After appearing in an edition of our local enduro race, slowly the trail began to fade away once more. People weren’t riding the trail, us included. Some found it too steep and challenging, you could forget about it when it rained, and while finishing at our house was great for us, it was a pain for other people to ride out.
Quite simply, Mary and I didn’t have the time or energy to make regular pilgrimages to move rock and the forest began to creep back in. That is until Covid happened. Here in France, we had one of the stricter national lockdowns in Europe – we were confined to one hour of activity a day within a 1 km radius of our houses. Bike riding was banned.
While the world was turning itself upside down and inside out to fight the pandemic, Chez Nous was there for us. Starting from the doorstep meant we were not even stretching the limits of our kilometer to work on it. All that moving rock became a godsend. At a time when many people were effectively shut in their houses, we could spend our hour a day in the forest doing something physical, something positive.
What in normal times was the trail's biggest drawback – the endless work needed to keep it running well – became its biggest blessing. There was always more to do. Mary even started running up the trail when she needed a hard day. It became our sanctuary.
Once the lockdown lifted we could start riding again, our first ride was Chez Nous. While most of the trails in the valley had fallen into disrepair with lack of use through lockdown, it was running clean, fast, and perfect.
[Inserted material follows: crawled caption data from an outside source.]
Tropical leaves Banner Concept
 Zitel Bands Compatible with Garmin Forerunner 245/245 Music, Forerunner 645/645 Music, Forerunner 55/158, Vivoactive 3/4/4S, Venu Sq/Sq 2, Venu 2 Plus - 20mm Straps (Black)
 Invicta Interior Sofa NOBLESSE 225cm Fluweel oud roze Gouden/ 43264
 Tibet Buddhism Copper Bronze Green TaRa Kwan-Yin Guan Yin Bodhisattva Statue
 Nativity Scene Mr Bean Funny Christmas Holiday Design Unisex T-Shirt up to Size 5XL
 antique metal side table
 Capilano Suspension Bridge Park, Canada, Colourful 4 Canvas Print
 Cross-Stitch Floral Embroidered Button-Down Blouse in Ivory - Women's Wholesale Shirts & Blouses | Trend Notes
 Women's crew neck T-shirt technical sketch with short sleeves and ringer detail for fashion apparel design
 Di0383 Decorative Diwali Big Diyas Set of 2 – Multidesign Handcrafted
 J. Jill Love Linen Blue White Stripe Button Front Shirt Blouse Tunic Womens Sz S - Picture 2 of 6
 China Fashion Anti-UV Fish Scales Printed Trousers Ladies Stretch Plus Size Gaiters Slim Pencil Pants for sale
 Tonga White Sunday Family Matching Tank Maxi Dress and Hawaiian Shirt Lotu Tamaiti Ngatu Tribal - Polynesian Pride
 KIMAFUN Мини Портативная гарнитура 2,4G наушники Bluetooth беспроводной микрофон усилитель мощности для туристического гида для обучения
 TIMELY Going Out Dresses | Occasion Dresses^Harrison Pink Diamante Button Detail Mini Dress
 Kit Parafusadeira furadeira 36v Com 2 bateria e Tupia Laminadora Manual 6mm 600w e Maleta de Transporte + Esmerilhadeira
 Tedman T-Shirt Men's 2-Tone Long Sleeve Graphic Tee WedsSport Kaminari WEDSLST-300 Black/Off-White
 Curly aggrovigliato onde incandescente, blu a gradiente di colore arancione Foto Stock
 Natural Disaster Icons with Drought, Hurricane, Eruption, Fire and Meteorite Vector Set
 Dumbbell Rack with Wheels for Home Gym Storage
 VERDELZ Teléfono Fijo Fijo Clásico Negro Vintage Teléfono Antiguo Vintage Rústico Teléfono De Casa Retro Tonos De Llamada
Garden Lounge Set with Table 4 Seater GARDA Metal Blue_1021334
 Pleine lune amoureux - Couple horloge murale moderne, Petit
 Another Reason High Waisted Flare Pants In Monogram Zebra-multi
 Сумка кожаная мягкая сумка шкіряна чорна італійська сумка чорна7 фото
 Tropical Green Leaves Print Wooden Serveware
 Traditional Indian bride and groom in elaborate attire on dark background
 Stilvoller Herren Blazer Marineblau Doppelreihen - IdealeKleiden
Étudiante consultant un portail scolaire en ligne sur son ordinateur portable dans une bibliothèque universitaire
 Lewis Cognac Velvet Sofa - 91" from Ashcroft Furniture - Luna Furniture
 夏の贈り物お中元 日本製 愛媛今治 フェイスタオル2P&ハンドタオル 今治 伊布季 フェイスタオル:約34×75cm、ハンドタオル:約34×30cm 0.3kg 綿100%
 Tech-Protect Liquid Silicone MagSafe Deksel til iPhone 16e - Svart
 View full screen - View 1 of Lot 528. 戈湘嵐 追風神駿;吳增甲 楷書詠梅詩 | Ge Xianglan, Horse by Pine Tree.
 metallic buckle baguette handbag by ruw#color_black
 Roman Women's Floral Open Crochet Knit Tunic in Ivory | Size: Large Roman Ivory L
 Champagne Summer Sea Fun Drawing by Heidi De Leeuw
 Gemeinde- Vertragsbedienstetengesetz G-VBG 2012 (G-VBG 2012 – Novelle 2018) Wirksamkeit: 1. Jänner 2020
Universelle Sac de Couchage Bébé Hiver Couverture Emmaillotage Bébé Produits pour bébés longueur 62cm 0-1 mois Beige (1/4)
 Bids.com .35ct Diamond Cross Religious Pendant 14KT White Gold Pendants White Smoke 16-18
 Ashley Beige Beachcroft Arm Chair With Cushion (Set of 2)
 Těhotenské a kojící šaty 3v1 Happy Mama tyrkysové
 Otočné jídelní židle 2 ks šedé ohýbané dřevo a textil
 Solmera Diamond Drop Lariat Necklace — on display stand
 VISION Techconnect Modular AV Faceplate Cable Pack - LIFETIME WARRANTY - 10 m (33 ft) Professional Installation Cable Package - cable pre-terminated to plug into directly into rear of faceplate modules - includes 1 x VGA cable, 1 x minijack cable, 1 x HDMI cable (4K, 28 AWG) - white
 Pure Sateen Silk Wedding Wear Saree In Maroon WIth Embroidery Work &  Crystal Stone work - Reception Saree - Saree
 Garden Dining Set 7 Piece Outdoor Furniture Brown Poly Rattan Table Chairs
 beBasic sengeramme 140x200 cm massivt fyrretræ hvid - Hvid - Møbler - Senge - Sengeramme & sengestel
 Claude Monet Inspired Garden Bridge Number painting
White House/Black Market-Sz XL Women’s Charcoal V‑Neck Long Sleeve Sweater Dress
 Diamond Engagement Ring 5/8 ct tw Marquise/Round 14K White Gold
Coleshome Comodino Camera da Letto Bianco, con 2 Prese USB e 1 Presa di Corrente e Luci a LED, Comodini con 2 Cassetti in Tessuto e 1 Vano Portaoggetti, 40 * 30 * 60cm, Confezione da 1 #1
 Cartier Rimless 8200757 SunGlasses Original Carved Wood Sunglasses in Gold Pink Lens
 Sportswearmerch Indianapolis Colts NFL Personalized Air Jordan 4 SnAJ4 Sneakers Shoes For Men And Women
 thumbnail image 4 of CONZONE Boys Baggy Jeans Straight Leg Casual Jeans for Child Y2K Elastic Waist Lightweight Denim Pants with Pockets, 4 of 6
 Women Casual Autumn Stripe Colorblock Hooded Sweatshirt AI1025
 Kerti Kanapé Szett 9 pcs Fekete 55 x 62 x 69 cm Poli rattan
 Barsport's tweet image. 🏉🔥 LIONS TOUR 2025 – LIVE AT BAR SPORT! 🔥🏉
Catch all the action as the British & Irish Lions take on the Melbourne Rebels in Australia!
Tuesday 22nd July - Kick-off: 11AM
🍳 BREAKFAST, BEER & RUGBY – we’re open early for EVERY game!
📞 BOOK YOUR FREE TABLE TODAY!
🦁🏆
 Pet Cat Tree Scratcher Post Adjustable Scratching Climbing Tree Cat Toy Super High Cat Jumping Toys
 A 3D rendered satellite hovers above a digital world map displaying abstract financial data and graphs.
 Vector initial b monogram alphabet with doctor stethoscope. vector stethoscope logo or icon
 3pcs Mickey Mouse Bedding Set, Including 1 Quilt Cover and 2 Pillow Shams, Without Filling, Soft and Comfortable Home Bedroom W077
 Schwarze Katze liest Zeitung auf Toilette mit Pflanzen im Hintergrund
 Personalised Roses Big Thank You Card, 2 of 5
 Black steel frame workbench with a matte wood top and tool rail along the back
All that time had meant we could thoroughly clean each switchback, empty the channels, and cut the grass right the way back, so you could charge the straights with confidence. It was as close to the flowing trail I had imagined as it ever could be.
That brief window after lockdown was a perfect moment on an imperfect trail. Once work, travel, and the million other things life requires began to pull us in every direction again, we knew that we would never have the time again to get the trail back to that condition.
Chapter 3: (Re-)Wilding
As we rounded into 2021, the rocks crept back down, the corners closed in and the grass grew. Once more it became too tough to be fun. And then we bought a house in the next valley over.
Of all the things we left behind, Chez Nous was one of the hardest. The reality is that since we no longer live at the bottom of it, we won’t have the motivation to stay on top of the rock-clearing. Maybe someone else will take it up, or maybe it will become little more than shapes in the forest once more.
At the end of the day, no matter how much time or effort you put into a trail unless you own the land it is on, it’s not yours. The trail was there in one form or another long before I was born and our time caring for it was hardly more than the blink of an eye on that timescale. We were just lucky to have been able to spend a little time with it.